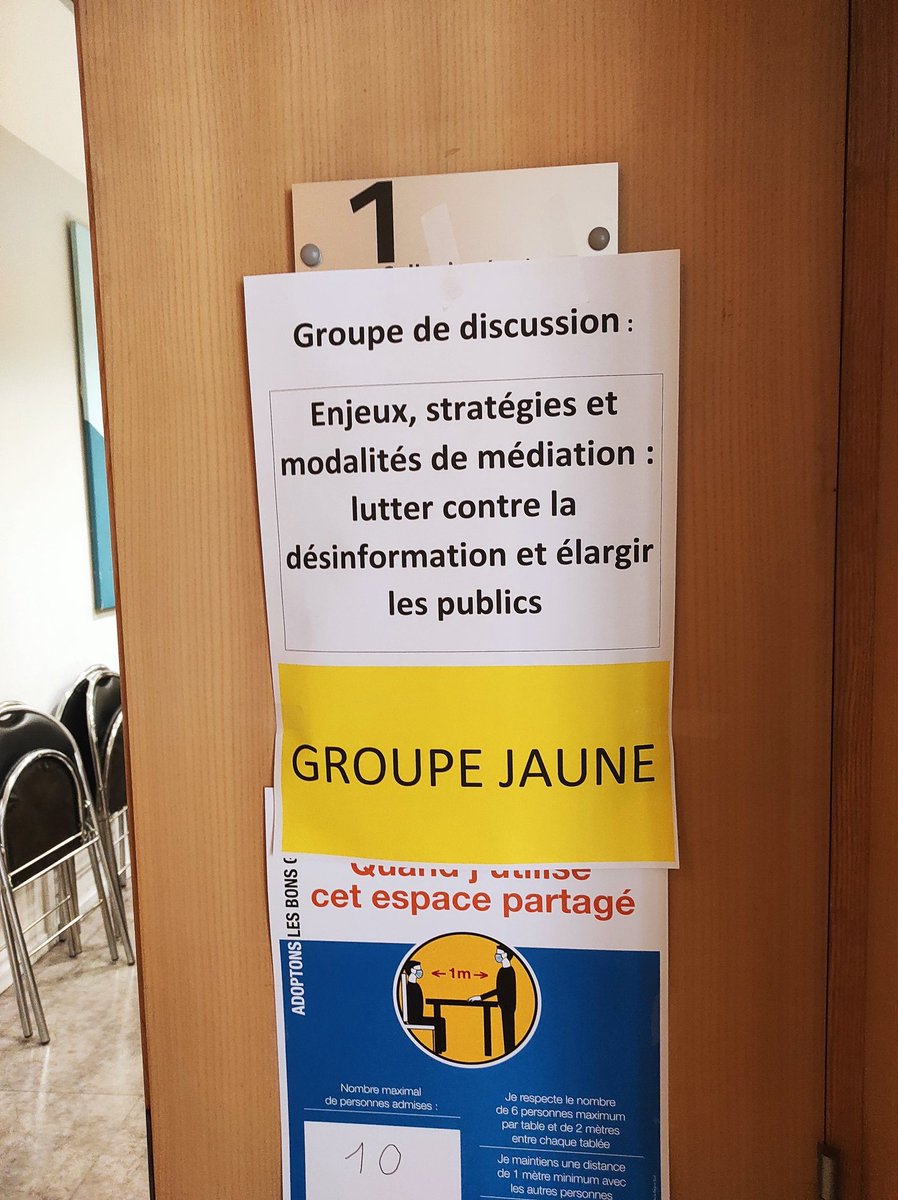 Eléa de Robert tweet media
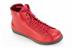 Afb. Detail A van CHILLI HOGE BASKET DONKER ZOOL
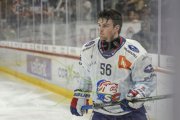 TIGERS - ZSC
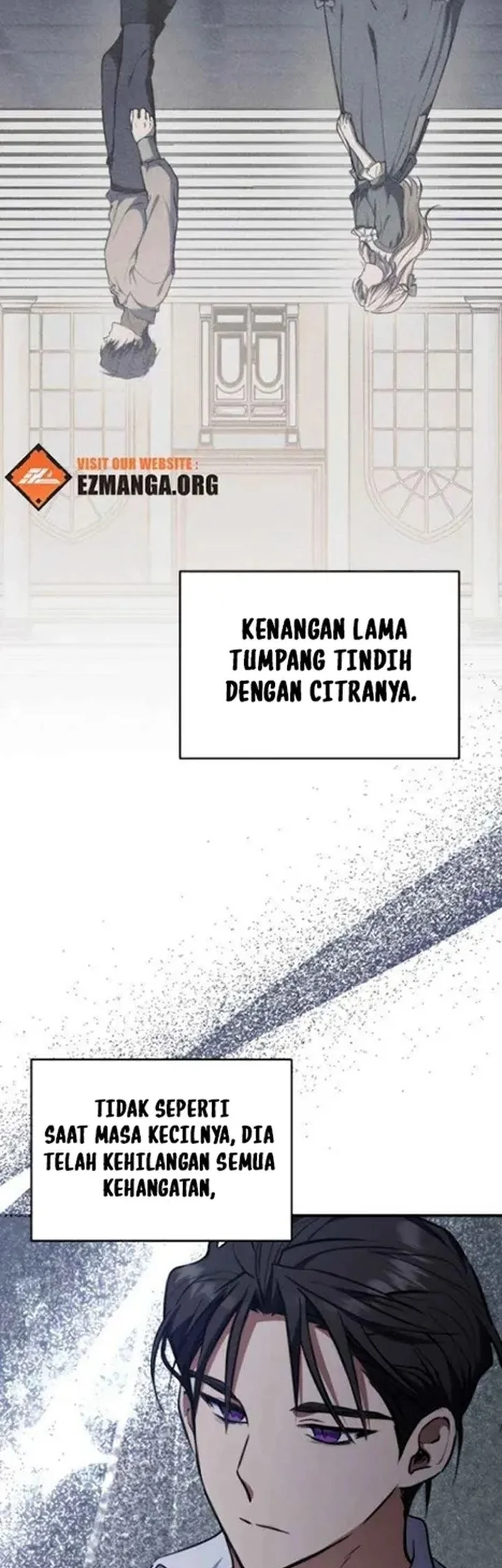 Chapter 21 - halaman 64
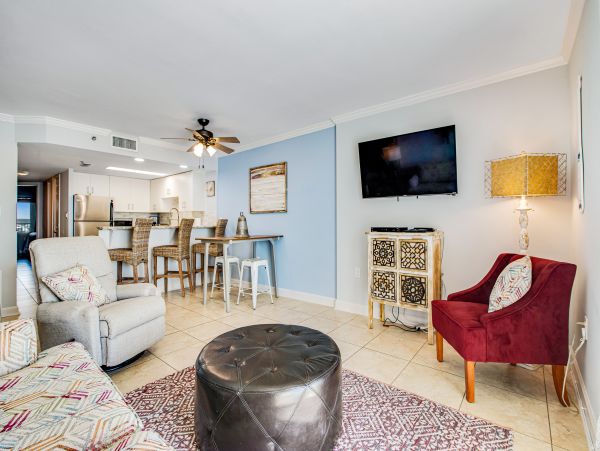 Alabama Beach Areas Home 1010313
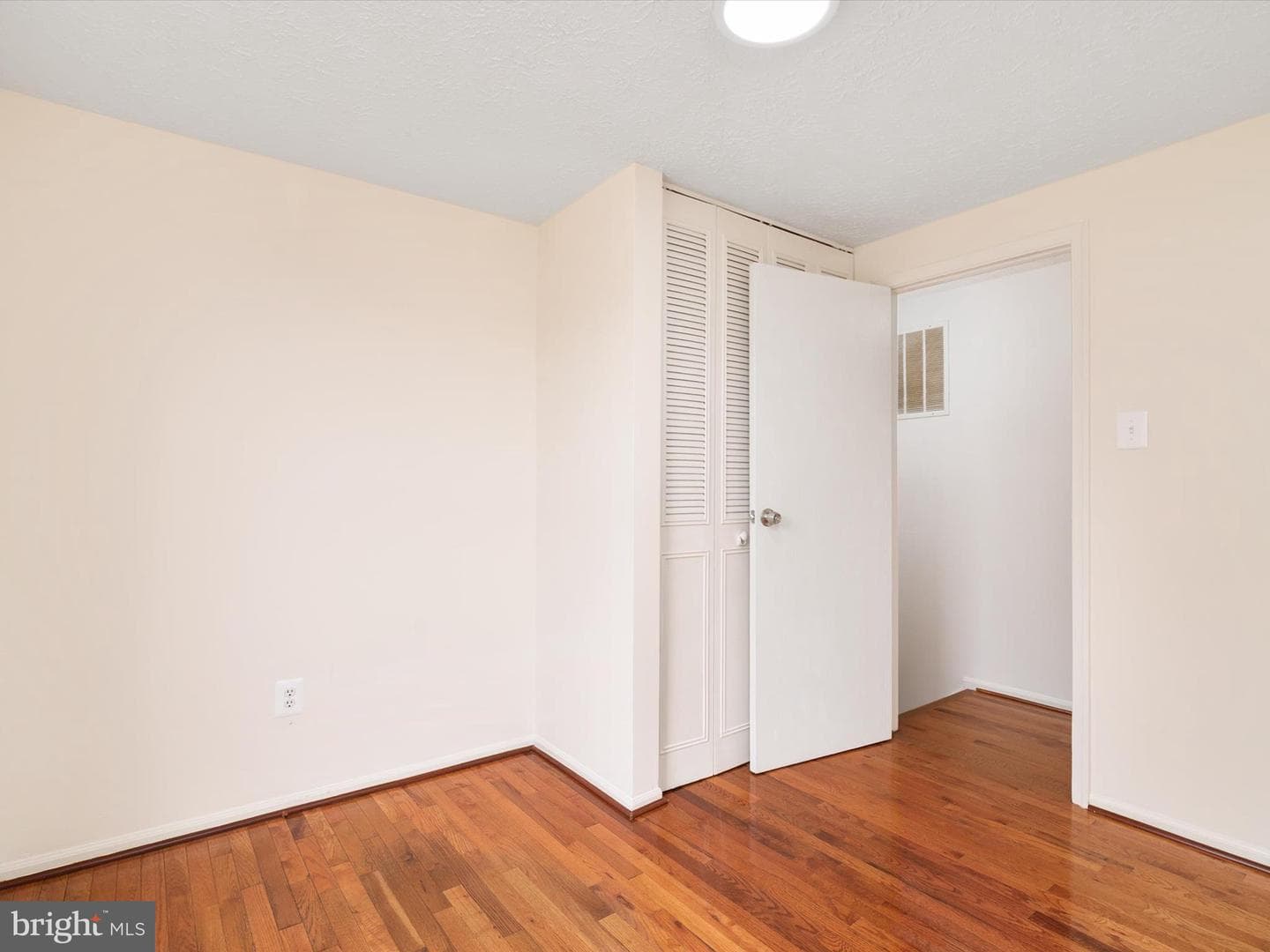 13008 Boykin Place photo 15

* TASK ITEM *
Exclude all images, then retype the records above without alteration.

* EXERCISE RESPONSE *
 Eléa de Robert tweet media
 Afb. Detail A van CHILLI HOGE BASKET DONKER ZOOL
 TIGERS - ZSC
 Chapter 21 - halaman 64
 Alabama Beach Areas Home 1010313
 13008 Boykin Place photo 15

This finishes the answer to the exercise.